### Task input
+ + + +

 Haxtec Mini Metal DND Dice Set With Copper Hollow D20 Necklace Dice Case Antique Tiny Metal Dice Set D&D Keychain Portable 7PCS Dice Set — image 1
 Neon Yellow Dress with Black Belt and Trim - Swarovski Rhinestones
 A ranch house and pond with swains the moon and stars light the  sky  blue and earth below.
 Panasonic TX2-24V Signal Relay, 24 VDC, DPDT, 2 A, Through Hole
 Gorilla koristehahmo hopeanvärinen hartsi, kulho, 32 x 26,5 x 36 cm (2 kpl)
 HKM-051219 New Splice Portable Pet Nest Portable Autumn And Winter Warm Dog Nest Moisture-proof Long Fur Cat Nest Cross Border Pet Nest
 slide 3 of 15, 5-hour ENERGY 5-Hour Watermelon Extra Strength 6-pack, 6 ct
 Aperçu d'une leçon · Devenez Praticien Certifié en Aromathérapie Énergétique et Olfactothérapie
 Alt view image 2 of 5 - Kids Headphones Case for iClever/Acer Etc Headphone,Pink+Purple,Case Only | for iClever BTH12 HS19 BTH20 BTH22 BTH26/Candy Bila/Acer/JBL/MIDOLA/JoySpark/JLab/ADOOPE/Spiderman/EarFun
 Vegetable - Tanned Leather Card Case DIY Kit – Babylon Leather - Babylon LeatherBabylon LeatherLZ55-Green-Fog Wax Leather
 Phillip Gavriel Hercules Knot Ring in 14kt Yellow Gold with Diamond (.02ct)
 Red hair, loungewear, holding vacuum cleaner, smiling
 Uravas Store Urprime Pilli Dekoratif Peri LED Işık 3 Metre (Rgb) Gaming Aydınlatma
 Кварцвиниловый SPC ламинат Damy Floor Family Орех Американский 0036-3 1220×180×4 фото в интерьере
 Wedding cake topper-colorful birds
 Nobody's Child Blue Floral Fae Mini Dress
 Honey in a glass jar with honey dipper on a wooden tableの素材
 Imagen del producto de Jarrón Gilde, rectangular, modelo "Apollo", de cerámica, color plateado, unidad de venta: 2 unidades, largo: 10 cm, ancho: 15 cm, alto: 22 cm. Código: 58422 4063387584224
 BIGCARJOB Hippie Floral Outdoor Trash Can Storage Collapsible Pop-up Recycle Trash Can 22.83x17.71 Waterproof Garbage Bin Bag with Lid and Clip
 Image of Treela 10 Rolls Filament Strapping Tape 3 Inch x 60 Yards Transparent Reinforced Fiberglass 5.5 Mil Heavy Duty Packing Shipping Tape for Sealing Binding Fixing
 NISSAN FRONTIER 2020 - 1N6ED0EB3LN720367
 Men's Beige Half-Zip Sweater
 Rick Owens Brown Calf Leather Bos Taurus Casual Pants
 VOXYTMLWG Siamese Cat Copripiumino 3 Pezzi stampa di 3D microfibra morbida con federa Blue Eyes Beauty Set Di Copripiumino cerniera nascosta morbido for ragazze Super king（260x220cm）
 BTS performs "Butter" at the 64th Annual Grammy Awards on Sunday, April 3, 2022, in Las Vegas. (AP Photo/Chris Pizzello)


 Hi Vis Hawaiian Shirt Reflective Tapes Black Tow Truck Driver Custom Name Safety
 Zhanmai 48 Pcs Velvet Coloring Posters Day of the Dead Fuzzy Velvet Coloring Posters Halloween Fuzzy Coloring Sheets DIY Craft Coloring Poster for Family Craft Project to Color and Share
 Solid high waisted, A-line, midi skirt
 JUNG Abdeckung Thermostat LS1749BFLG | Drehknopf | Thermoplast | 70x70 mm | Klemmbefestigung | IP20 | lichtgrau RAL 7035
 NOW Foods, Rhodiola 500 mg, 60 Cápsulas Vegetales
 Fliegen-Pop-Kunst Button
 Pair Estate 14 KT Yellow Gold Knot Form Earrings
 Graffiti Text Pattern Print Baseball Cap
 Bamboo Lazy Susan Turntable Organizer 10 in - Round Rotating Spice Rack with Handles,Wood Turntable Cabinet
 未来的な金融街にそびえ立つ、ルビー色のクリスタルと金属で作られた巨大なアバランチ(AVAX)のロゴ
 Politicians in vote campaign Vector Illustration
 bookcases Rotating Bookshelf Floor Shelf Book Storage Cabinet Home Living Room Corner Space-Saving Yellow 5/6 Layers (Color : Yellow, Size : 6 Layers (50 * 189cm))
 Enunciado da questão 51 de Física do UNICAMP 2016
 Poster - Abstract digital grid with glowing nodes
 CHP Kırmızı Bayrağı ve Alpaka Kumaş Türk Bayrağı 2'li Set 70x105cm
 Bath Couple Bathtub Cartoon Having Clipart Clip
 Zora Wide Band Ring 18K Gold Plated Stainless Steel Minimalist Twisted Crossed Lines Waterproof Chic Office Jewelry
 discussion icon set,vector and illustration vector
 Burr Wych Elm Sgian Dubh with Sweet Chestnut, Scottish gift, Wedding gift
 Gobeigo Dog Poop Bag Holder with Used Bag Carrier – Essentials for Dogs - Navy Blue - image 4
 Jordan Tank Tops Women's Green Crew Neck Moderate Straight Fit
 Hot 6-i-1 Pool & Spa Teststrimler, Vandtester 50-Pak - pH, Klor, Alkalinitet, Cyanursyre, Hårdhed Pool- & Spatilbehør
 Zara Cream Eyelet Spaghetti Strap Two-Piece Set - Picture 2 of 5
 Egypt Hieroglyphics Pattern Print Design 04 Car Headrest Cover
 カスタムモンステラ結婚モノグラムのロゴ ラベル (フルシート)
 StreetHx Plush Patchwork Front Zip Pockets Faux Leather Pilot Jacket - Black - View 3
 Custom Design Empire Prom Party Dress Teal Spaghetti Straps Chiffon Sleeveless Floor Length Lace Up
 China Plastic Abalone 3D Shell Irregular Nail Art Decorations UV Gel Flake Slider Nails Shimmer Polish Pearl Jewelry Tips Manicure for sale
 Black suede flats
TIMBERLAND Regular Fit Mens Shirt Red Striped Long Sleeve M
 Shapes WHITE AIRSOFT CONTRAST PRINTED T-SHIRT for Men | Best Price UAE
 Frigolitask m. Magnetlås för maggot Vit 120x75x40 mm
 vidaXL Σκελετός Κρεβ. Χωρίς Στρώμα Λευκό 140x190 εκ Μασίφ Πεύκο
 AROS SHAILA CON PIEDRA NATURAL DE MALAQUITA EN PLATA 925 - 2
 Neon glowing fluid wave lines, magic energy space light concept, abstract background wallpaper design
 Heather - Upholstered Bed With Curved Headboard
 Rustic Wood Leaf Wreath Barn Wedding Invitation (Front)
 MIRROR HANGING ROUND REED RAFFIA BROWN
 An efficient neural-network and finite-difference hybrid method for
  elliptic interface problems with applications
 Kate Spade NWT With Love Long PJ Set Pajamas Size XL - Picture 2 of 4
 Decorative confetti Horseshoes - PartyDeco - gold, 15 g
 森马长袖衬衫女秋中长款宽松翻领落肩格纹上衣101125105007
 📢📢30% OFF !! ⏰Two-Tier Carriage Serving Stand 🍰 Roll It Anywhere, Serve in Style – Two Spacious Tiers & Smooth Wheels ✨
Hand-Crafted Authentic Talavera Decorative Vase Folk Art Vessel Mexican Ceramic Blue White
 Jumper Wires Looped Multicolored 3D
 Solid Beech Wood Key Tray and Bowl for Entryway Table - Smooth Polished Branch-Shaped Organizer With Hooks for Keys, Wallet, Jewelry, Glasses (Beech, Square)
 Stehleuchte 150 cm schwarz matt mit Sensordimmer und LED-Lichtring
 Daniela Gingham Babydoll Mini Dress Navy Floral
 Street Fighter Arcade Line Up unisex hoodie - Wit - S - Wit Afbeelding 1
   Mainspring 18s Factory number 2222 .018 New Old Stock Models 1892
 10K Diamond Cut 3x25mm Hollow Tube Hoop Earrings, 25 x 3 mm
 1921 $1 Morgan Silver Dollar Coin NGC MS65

+ + + +

Set down, exactly as they stand above, the lines starting with the line with "Кварцвиниловый SPC ламинат" and going on through the line with "Politicians in vote", and no others.

### Answer to this task
 Кварцвиниловый SPC ламинат Damy Floor Family Орех Американский 0036-3 1220×180×4 фото в интерьере
 Wedding cake topper-colorful birds
 Nobody's Child Blue Floral Fae Mini Dress
 Honey in a glass jar with honey dipper on a wooden tableの素材
 Imagen del producto de Jarrón Gilde, rectangular, modelo "Apollo", de cerámica, color plateado, unidad de venta: 2 unidades, largo: 10 cm, ancho: 15 cm, alto: 22 cm. Código: 58422 4063387584224
 BIGCARJOB Hippie Floral Outdoor Trash Can Storage Collapsible Pop-up Recycle Trash Can 22.83x17.71 Waterproof Garbage Bin Bag with Lid and Clip
 Image of Treela 10 Rolls Filament Strapping Tape 3 Inch x 60 Yards Transparent Reinforced Fiberglass 5.5 Mil Heavy Duty Packing Shipping Tape for Sealing Binding Fixing
 NISSAN FRONTIER 2020 - 1N6ED0EB3LN720367
 Men's Beige Half-Zip Sweater
 Rick Owens Brown Calf Leather Bos Taurus Casual Pants
 VOXYTMLWG Siamese Cat Copripiumino 3 Pezzi stampa di 3D microfibra morbida con federa Blue Eyes Beauty Set Di Copripiumino cerniera nascosta morbido for ragazze Super king（260x220cm）
 BTS performs "Butter" at the 64th Annual Grammy Awards on Sunday, April 3, 2022, in Las Vegas. (AP Photo/Chris Pizzello)


 Hi Vis Hawaiian Shirt Reflective Tapes Black Tow Truck Driver Custom Name Safety
 Zhanmai 48 Pcs Velvet Coloring Posters Day of the Dead Fuzzy Velvet Coloring Posters Halloween Fuzzy Coloring Sheets DIY Craft Coloring Poster for Family Craft Project to Color and Share
 Solid high waisted, A-line, midi skirt
 JUNG Abdeckung Thermostat LS1749BFLG | Drehknopf | Thermoplast | 70x70 mm | Klemmbefestigung | IP20 | lichtgrau RAL 7035
 NOW Foods, Rhodiola 500 mg, 60 Cápsulas Vegetales
 Fliegen-Pop-Kunst Button
 Pair Estate 14 KT Yellow Gold Knot Form Earrings
 Graffiti Text Pattern Print Baseball Cap
 Bamboo Lazy Susan Turntable Organizer 10 in - Round Rotating Spice Rack with Handles,Wood Turntable Cabinet
 未来的な金融街にそびえ立つ、ルビー色のクリスタルと金属で作られた巨大なアバランチ(AVAX)のロゴ
 Politicians in vote campaign Vector Illustration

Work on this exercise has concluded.